John Steinbeck bir röportajında kitabın geçtiği yerlerde kendisinin de işçi olarak çalıştığını, çoğu kişilerin gerçekle hayal karışımı olduğunu, hatta Lennie 'in gerçek olduğunu, gerçekten bir cinayet işlediği ve akıl hastanesinde yattığını söylemiş.
Fareler ve İnsanlar , mevsimlik işçi olan George Milton ve güçlü,iri yarı ama aklı biraz kıt arkadaşı Lennie Small 'ın duygu yüklü, kısacık öyküsü. Biraz para biriktirip, kendi topraklarına sahip olma hayali peşinde, çiftlik çiftlik gezip ağır işlerde çalışırlar. Lennie kocaman bünyesine rağmen, ufak bir çocuk gibidir, elinin de ayarı yok bu arada. Seveyim derken fareleri, köpekleri öldürecek kadar haşin.Ama kötü niyetli değil, kocaman bir bünyeye hapsolmuş, küçük bir ruh gibi düşünün onu. George ne derse onu yapıyor ona çok bağlı. George önceleri çok dalga geçse de, teyzesinin ölümünden sonra Lennie 'ye sahip olur.
Bu ikilinin hazin hikayesini okurken, dostluk,dayanışma,umut, insan ilişkileri, sosyal sınıf farkları, güçlünün güçsüze zulmü ve hatta zavallı hayvanların kaderleri hakkında derin düşüncelere dalabilirsiniz.

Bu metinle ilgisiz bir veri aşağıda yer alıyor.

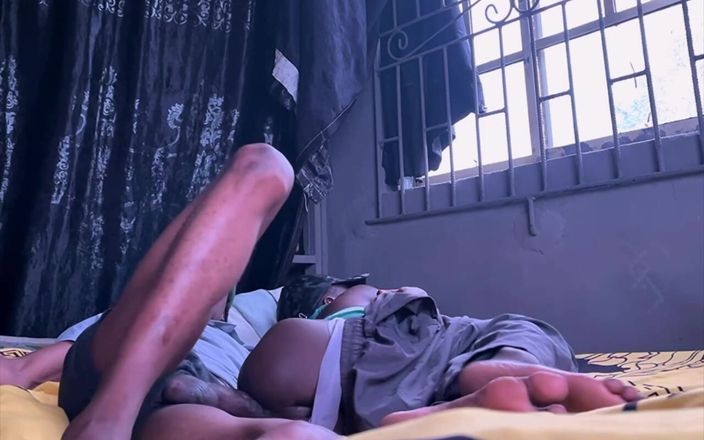 Demi sexual teaser: उत्तेजित और जंगली कॉलेज चुदाई दोस्त II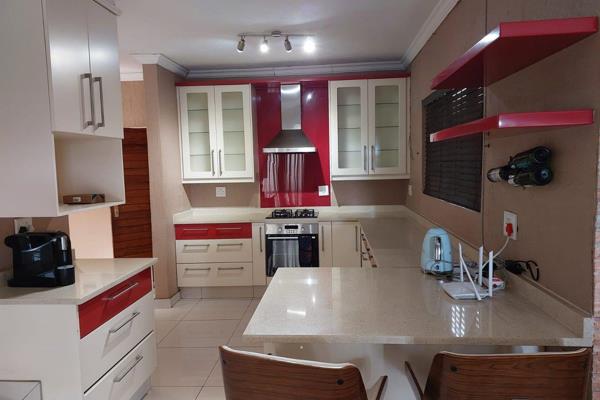 Available  Immediately / 1 March 2025

This modern and spacious well maintained double storey house offers you 3 Bedrooms, 2.5 ...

Klasik olarak anılınca , okumayanların gözünü korkutmasın, çok akıcı bir kitap. Okuyun, hatta bol bol Steinbeck okuyun. Bu arada okuyanlar sizin en çok sevdiğiniz Steinbeck kitabı hangisi ?
... George ilgilenmiyormuş gibi bir tavır takınmaya çalıştı.
''Bayağı eğleneceğiz bu çiftlikte galiba.''
... Slim George 'a sanki içini görmek istercesine baktı. ''Artık pek birlikte yolculuk eden olmuyor,'' diye düşünceli düşünceli mırıldandı. ''Neden bilmiyorum ama. Belki de bu kahrolası dünyada herkes birbirinden korkmaya başladı.''
... ''İyi biri o,'' dedi Slim. ''İnsanın yüreğinin iyi olması için akla ihtiyacı yoktur.''
... ''İnsan yanında biri olmazsa delirir. Kim olduğu hiç önemli değildir, yeter ki yanında olsun.''
''Sana bir şey diyeyim mi? İnsan çok uzun süre yalnız kaldı mı hastalanır, yalnızlıktan hastalanır.''
SEL YAYINCILIK
Çeviren: Ayşe Ece
Eylül 2012
126 Sayfa
Okudum Bitti -19 : Vathek || William Beckford || Babil Kitaplığı - 3
Herkese merhaba. Gecenin kitabı çok sevdiğim Babil Kitaplığı serisinin üçüncü kitabı Vathek.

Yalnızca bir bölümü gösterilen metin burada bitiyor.